Police believed they had a good bust: members of an outlawed group allied with Al Qaeda who were caught with a cache of assault rifles, pistols, explosives and two CDs featuring Osama bin Laden.
When the 11 suspected militants from Harkat-ul-Moujahedeen, the Pakistani group with the longest and most direct ties to Bin Laden, were locked up, the charge sheet landed on the desk of Sher Mohammed Khan, an anti-terrorism prosecutor working from a cubbyhole of an office.
The case promptly hit a wall.
Within days, the arrests were shrugged off as a setup by overzealous cops. Khan agreed bail was appropriate, and a special anti-terrorism court granted it about a month after the August arrest. The two leaders of the 11 were quickly back on the street.
One step forward in the war on terrorism became two steps back.
Pakistani President Pervez Musharraf, who was sworn in Saturday for five more years, is working closely with the U.S. in the roundup of foreign terror suspects. But his government’s record against home-grown militants, many of them allies of Bin Laden, looks less resolute.

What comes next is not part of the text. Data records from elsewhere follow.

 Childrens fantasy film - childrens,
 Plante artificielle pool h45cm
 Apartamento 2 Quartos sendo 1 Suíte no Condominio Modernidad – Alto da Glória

Security forces have detained about 3,300 Pakistanis in sweeps against local extremist groups. At least 1,300 have been released, often after signing promises of good behavior. Among those released in recent weeks are leaders of groups accused of killing hundreds of minority Shiite Muslims and of launching terrorist attacks against neighboring India. Musharraf has banned both groups.
Authorities are still holding 1,982 without charge, according to confidential government figures. Musharraf issued a decree last month extending the detention limit from 90 days to a year. In trials that have reached a verdict, 41 people have been convicted and 21 acquitted.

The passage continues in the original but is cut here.